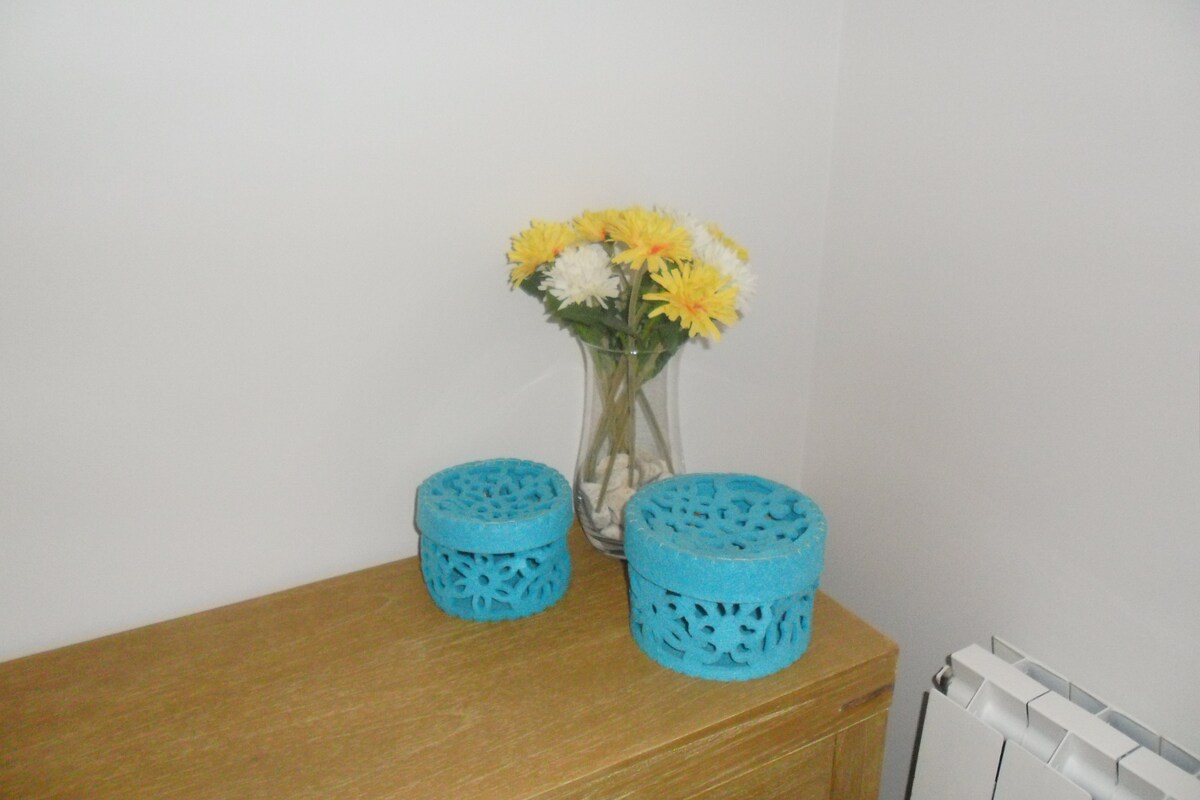 A wooden surface displays two turquoise containers with intricate cut-out patterns, along with a glass vase filled with bright yellow and white flowers. The simplicity of the arrangement contributes to a calming aesthetic.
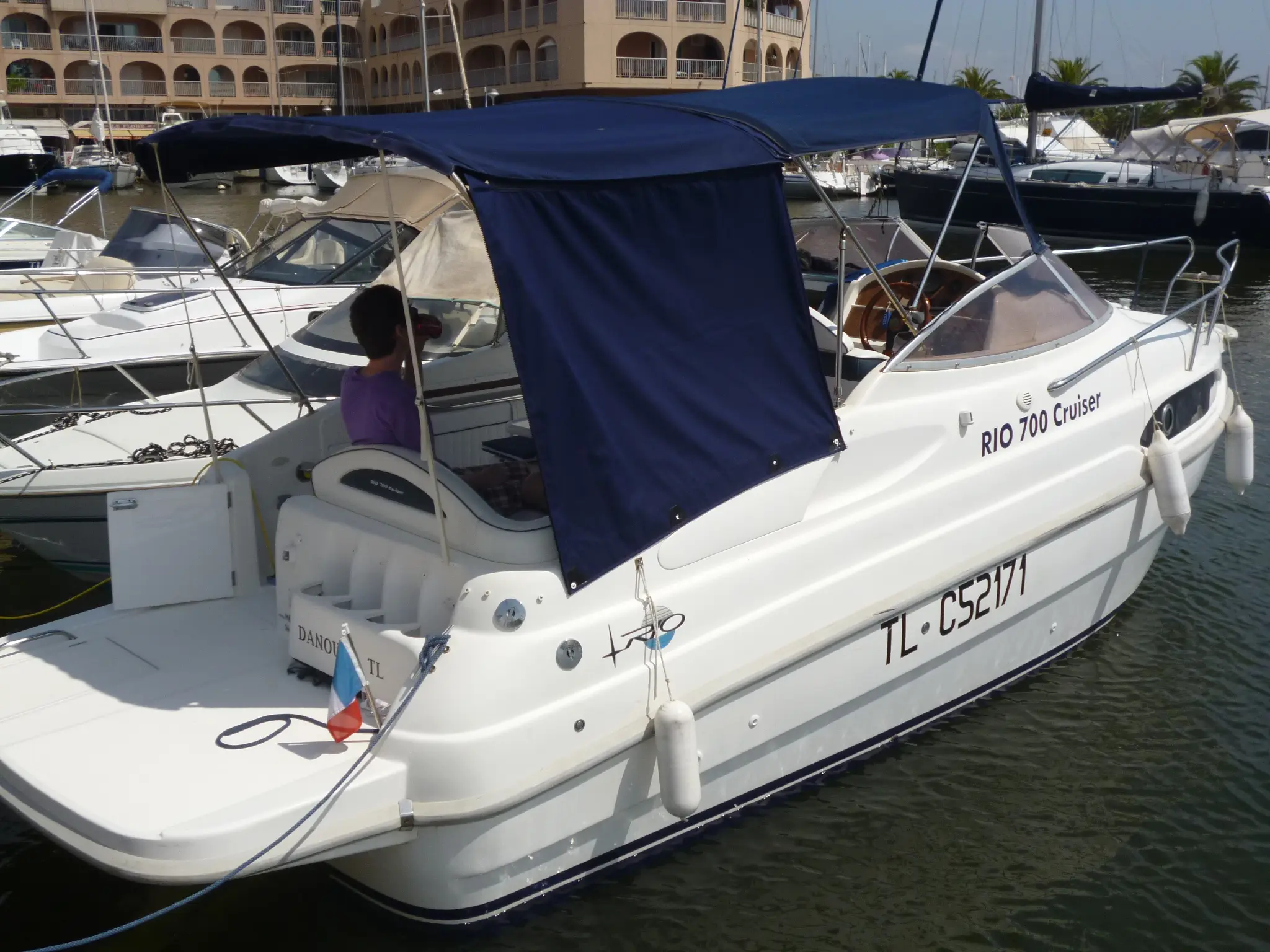 Rio 700 — Bateau à moteur blanc photographié de trois quarts arrière dans un port.
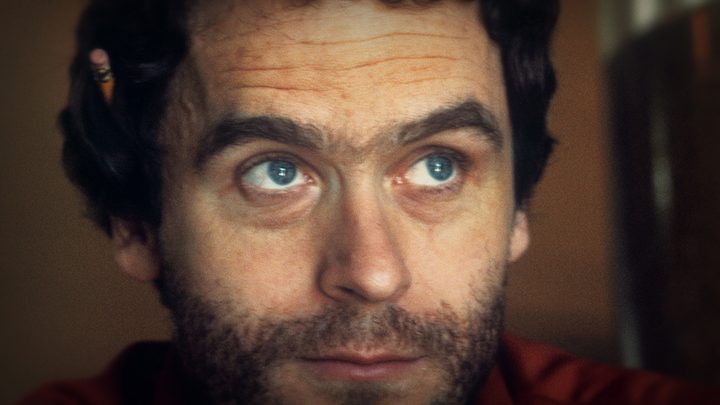 A close up of Ted Bundy looking upwards, a pencil on his ear in a scene from Conversations With a Killer: The Ted Bundy Tapes on Netflix.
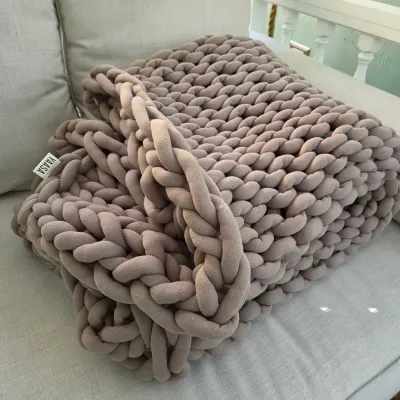Sale Photo Thumbnail #33: Yaasa weighted chunky knit throw blanket in taupe, resting on an outdoor sofa.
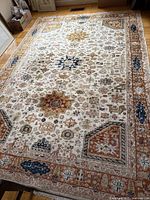 Full view of rug on hardwood floor showing overall pattern and size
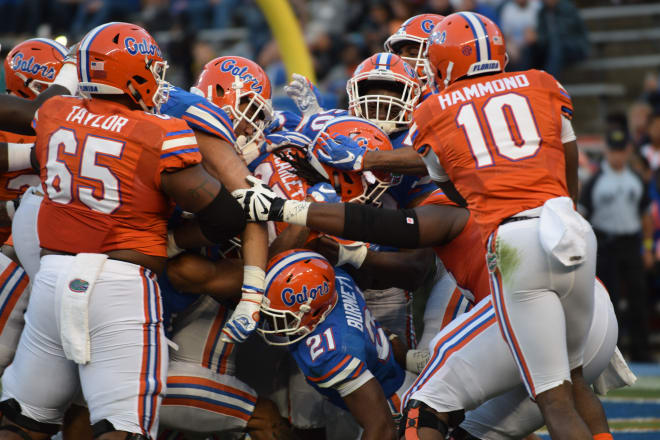 Florida's offense and defense battle as running back Jordan Scarlett pushes toward the end zone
# # #
Copy out the lines exactly as written, beginning with the one that contains "Rio 700 — Bateau" and ending with the last line of the material; do not include pictures.

Solution for this exercise:
 Rio 700 — Bateau à moteur blanc photographié de trois quarts arrière dans un port.
 A close up of Ted Bundy looking upwards, a pencil on his ear in a scene from Conversations With a Killer: The Ted Bundy Tapes on Netflix.
Sale Photo Thumbnail #33: Yaasa weighted chunky knit throw blanket in taupe, resting on an outdoor sofa.
 Full view of rug on hardwood floor showing overall pattern and size
 Florida's offense and defense battle as running back Jordan Scarlett pushes toward the end zone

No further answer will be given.